Columna publicada en La Tercera, 16.11.2016

Hoy vivimos, tal como muestra Moisés Naim en su libro “El fin del poder”, un momento de particular debilidad del poder en el mundo. Y eso significa que estamos en tiempos de ajustes de cuentas. Las víctimas reales o imaginarias, que no pudieron o no se atrevieron a reaccionar cuando fueron humilladas, truecan su impotencia en venganza. Los surcos que el resentimiento fue cavando con paciencia, mientras soñaba con la llegada de su hora, se ven henchidos de furia. Y el ritmo de esa furia es, como explica magistralmente Marc Ferro en “El resentimiento en la historia”, la tonada de las ideologías contestatarias tanto de izquierda como de derecha, así como de los discursos racistas, nacionalistas o reivindicatorios de la superioridad de quienes, en algún momento, fueron o se sintieron humillados.

Todo orden político se describe a sí mismo como un orden sin víctimas. Y su legitimidad dura mientras esa descripción es aceptada por la mayoría. Pero todo orden político tiene víctimas. Y parte esencial de serlo es volverse invisible para los demás: la debilidad de la víctima es tal, que no es capaz de protestar ni siquiera de manera comprensible para el resto. Lo común, de hecho, es que cuando se hace visible sea culpada de sus propios males, y por los males de la sociedad completa. Así, todo orden, por lo general, castiga a sus propias víctimas: ellas son lo perverso, lo malo, lo bajo, lo “deplorable”, como designó Clinton a los votantes de Trump.

El liberalismo cosmopolita y progresista, a pesar de todas sus virtudes, cometió el error de imaginarse como un orden sin víctimas, al punto de irritarse con ellas una vez que se visibilizaron a través del voto. Y es que nadie convencido de estar “en el lado correcto de la historia” puede sentirse cómodo al descubrir sus propios muertos en el clóset.

Viene, entonces, el escándalo. Y, con él, diversas promesas de redención. Emergerán una serie de relatos ideológicos sobre órdenes sin víctimas, así como la designación de nuevos “culpables” que merecen castigo.
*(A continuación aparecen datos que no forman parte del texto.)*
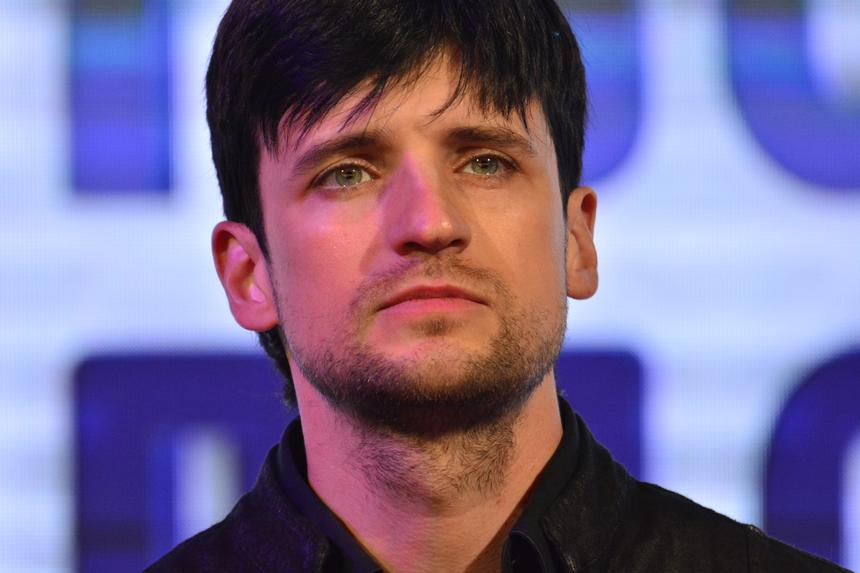 Поднимался под купол и целовал слониху: Дмитрий Колдун рассказал о съемках в цирке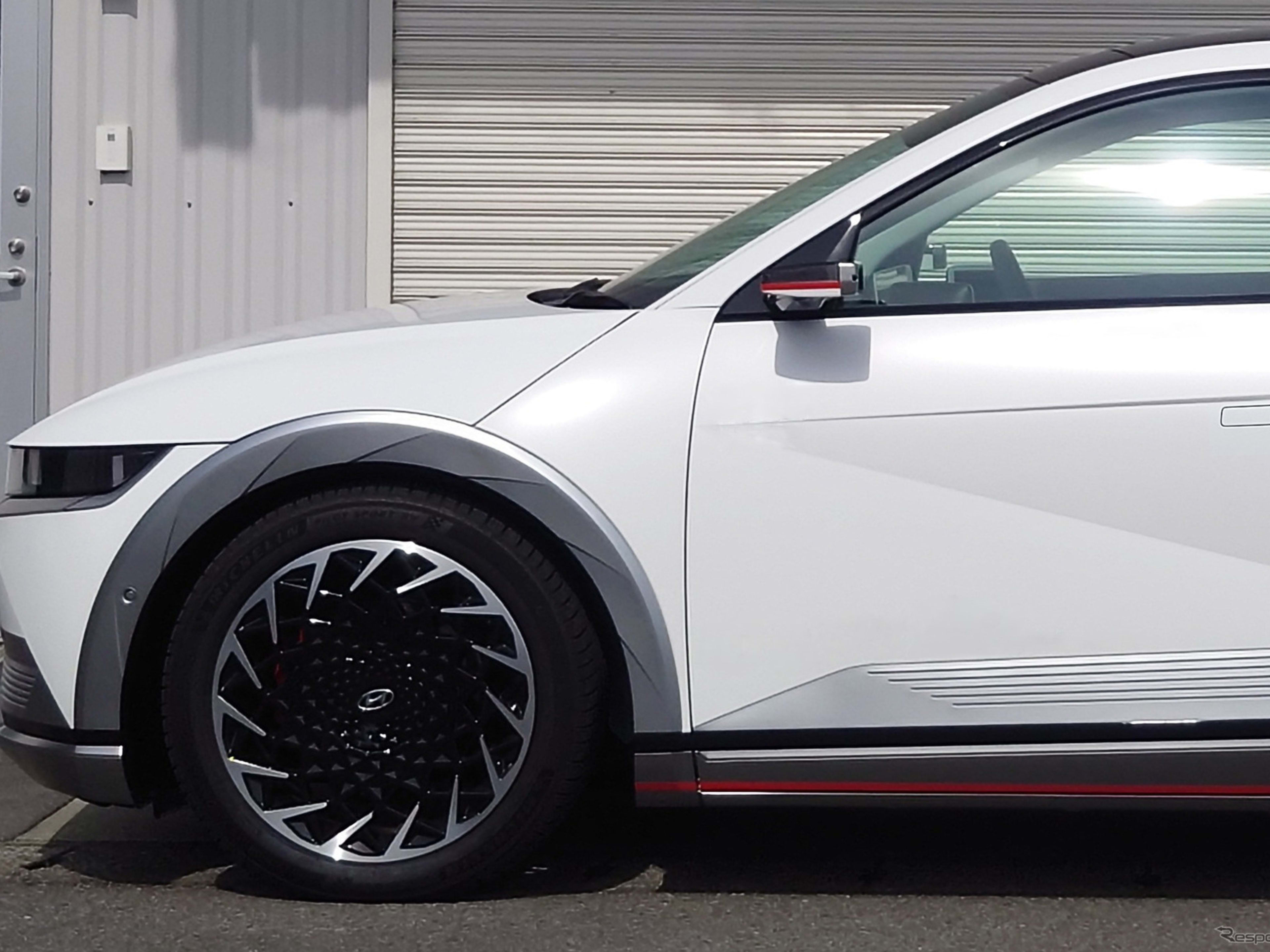 Carving Canyons in Ferrari's Modern Classic, the F355 Berlinetta - Autoblog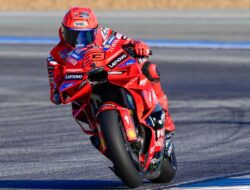 Pukulan Marquez & Kedipan Honda: Wawasan Baru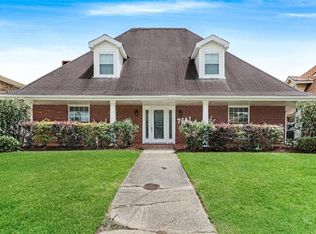 7441 Lake Barrington Dr, New Orleans, LA 70128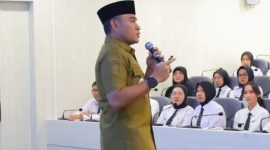 Bupati Tanah Laut H. Rahmat Trianto menegaskan pentingnya membentuk ASN yang profesional dan bermakna dalam pengabdian, saat membuka Latsar CPNS, Senin (13/10/2025).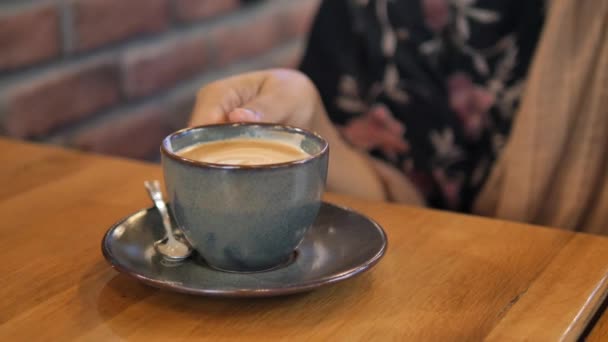 Vrouwen Met Een Koffiebeker — Stockvideo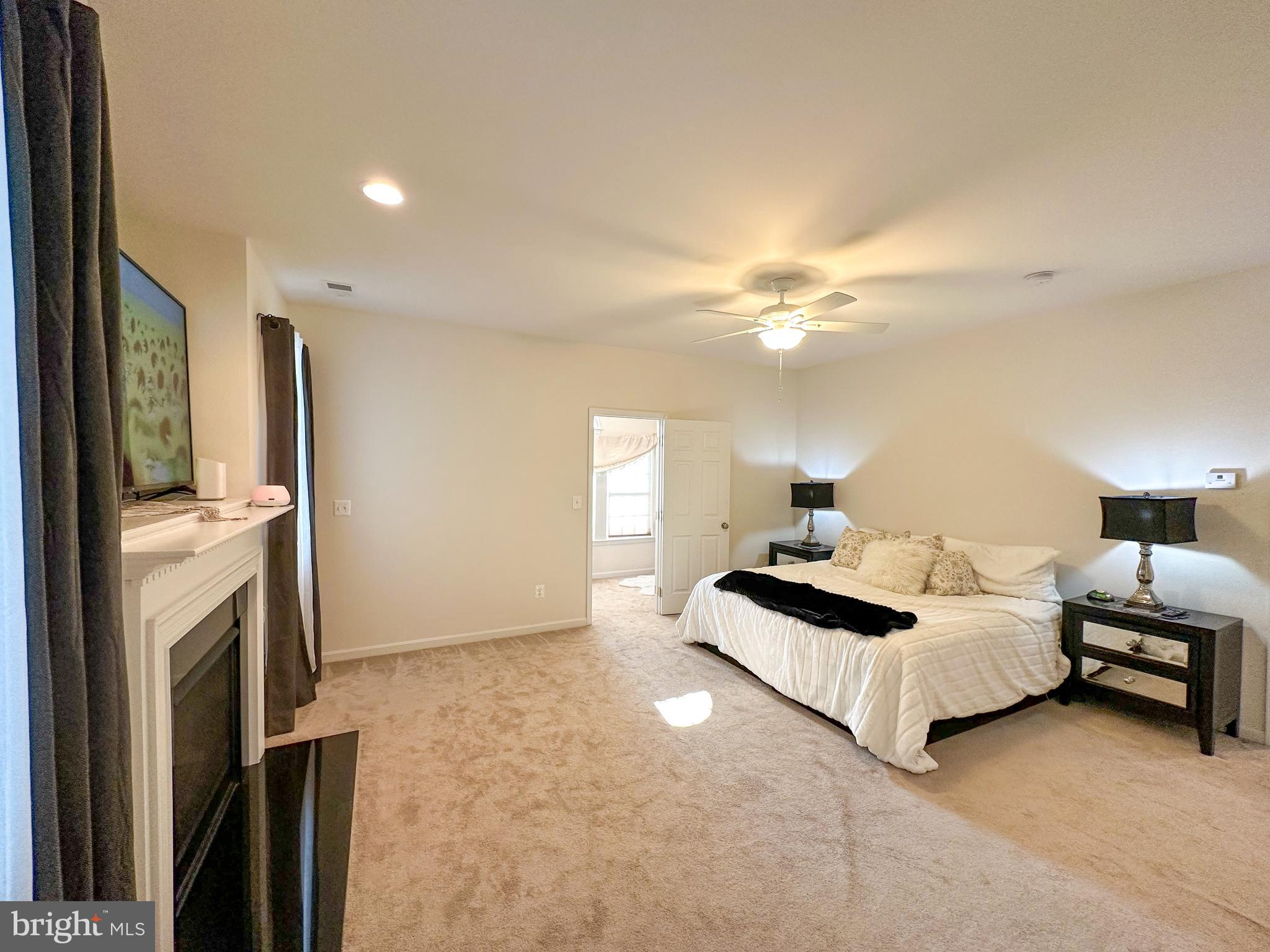 FAIRCHESTER - Residential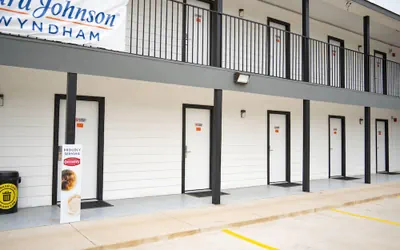 Photo 4 - Howard Johnson by Wyndham Hillsboro TX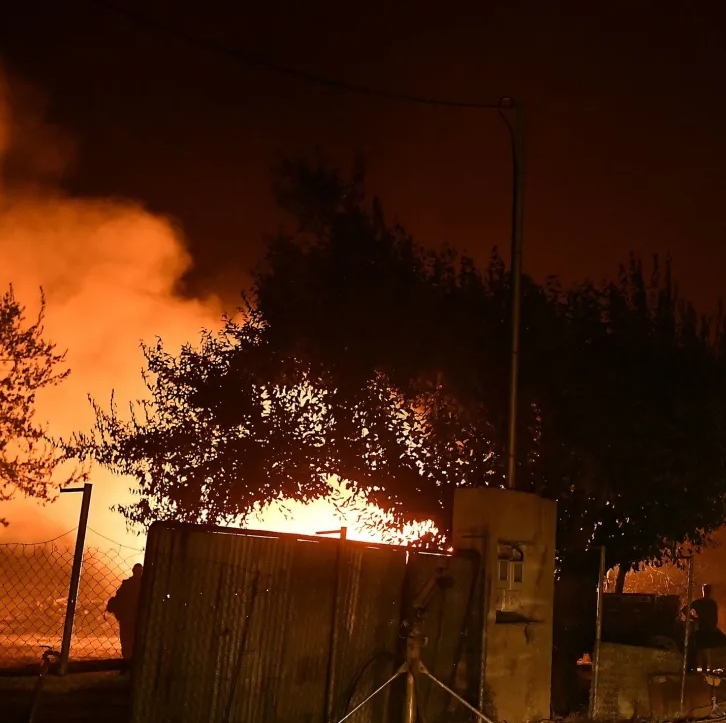 ΈΚΤΑΚΤΟ: Φωτιά τώρα ανάμεσα σε σπίτια - Δύσκολη νύχτα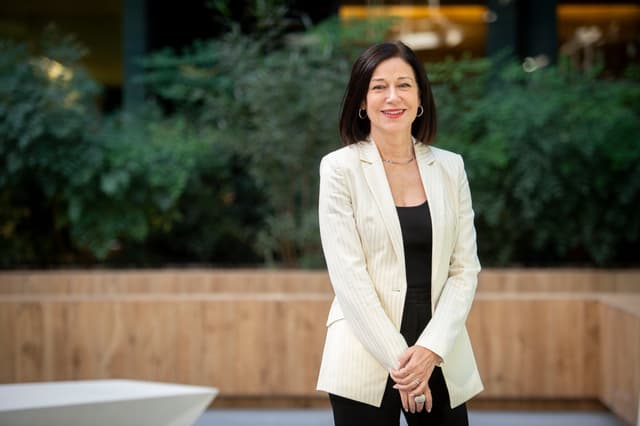 Ángela Pérez, presidenta de Cofides, comenta o avanço do Fundo FOCO para atrair investimentos na Espanha. Legenda da imagem. Reprodução: Retorno do item 11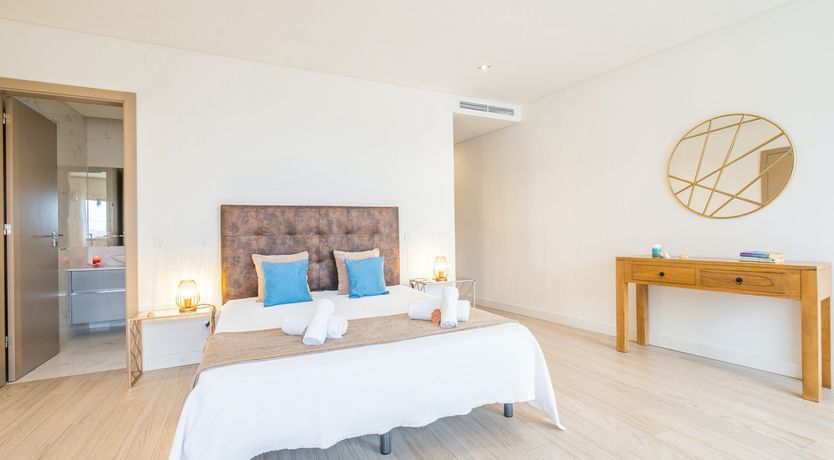 Photo of Alabaster Summer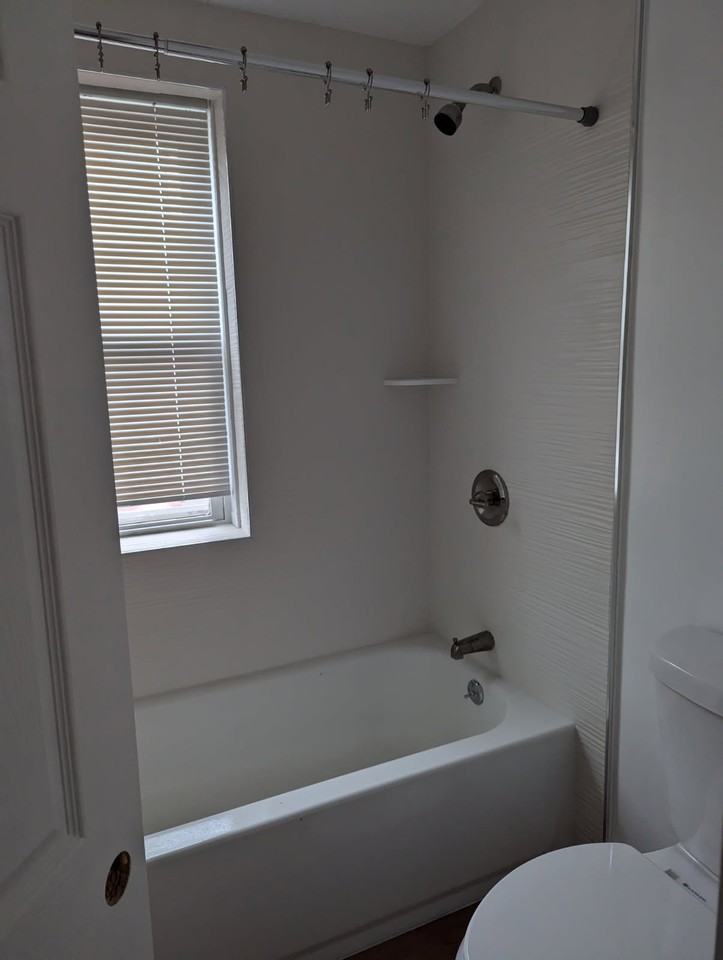 152 Oak St #1N - Photo 3 of 7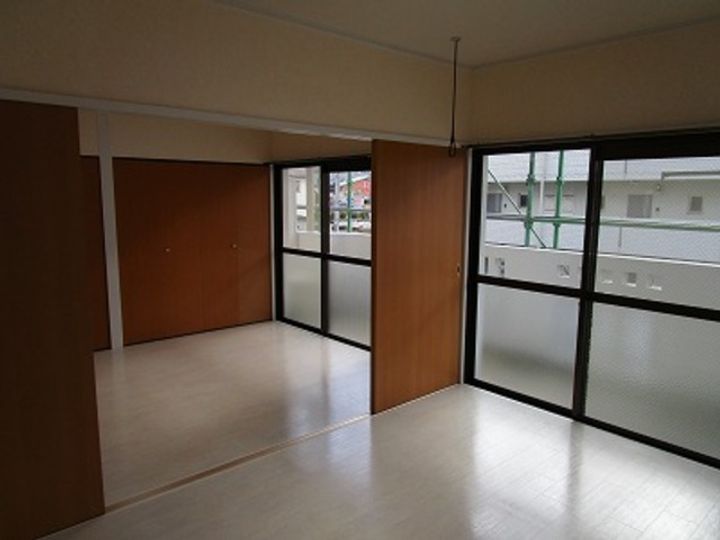 永徳ハイツB棟の居間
Culpables como los “inmigrantes que no vienen a trabajar”. Culpables como “las élites indolentes”. Personajes vacíos, capaces de reflejar las aspiraciones de quien los mira, como Trump, como Guillier, escalarán posando de impolutos y campeones de los desposeídos. Y todo cambiará para seguir igual, o peor: nuevos muertos al clóset, nuevas élites “del lado correcto”. Hasta que una próxima vuelta de la historia revele la desnudez del rey.

¿Hay aternativa? La única, ya que no existen órdenes sin víctimas, parece ser pensar un orden que no esconda a sus víctimas. Y eso implicaría que todos nos asumiéramos como victimarios, en vez de buscar descargar la responsabilidad en chivos expiatorios. Exigiría, también, instituciones y mecanismos de auto-observación que mantuvieran visibles a quienes, de lo contrario, tenderían a volverse invisibles. Demandaría, en otras palabras, que triunfara el reconocimiento sobre el resentimiento. Un compromiso escéptico con el orden, en vez de una nueva creencia ciega.